Task goal ->
Nothing outside the range is wanted. Repeat exactly the lines below from the one with "Salvatore Ferragamo Uomo" through the one with "G. Shaw Gravestone Photo".

Dataset records ->
★ ★ ★ ★

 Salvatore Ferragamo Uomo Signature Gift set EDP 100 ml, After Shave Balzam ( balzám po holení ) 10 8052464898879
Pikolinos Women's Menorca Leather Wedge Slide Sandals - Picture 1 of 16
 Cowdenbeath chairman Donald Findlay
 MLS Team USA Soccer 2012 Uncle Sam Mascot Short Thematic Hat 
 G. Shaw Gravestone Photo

★ ★ ★ ★

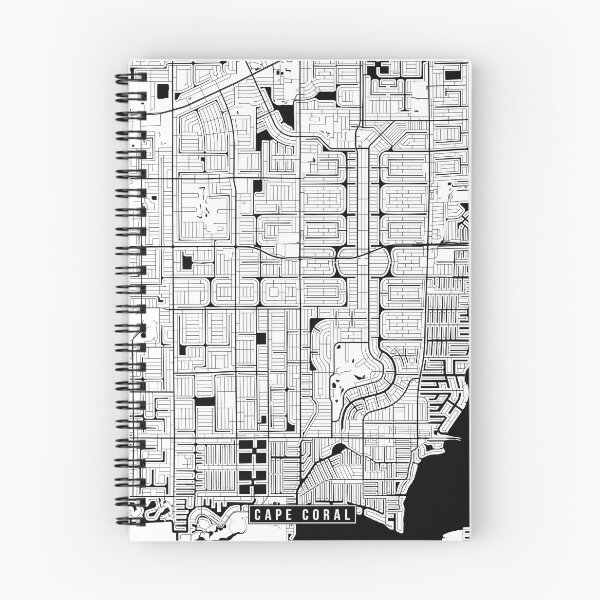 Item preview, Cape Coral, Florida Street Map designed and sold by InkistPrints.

★ ★ ★ ★

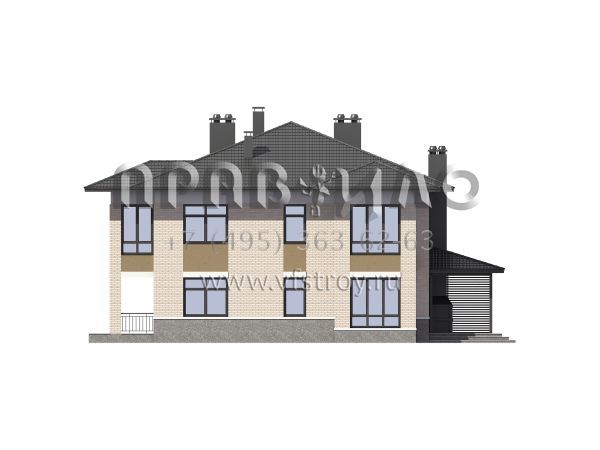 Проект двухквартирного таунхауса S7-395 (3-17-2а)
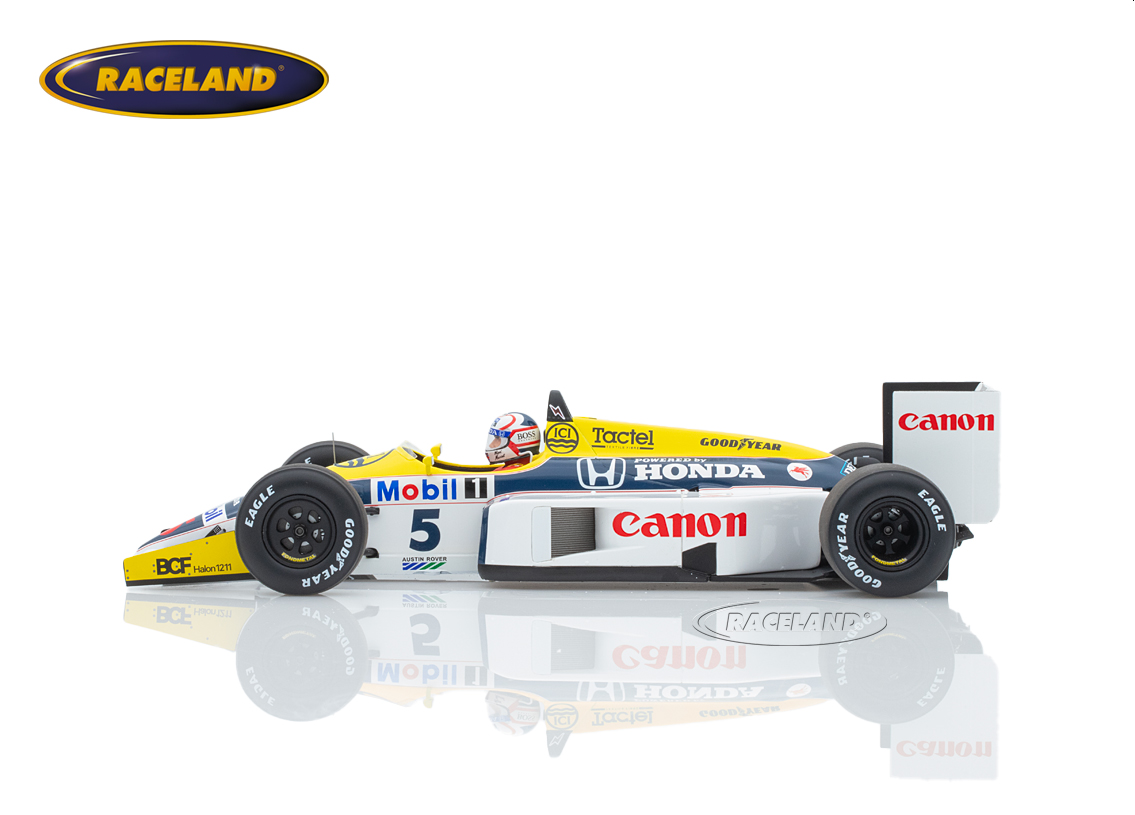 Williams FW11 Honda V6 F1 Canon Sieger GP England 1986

★ ★ ★ ★

Solution to the exercise ->
 Salvatore Ferragamo Uomo Signature Gift set EDP 100 ml, After Shave Balzam ( balzám po holení ) 10 8052464898879
Pikolinos Women's Menorca Leather Wedge Slide Sandals - Picture 1 of 16
 Cowdenbeath chairman Donald Findlay
 MLS Team USA Soccer 2012 Uncle Sam Mascot Short Thematic Hat 
 G. Shaw Gravestone Photo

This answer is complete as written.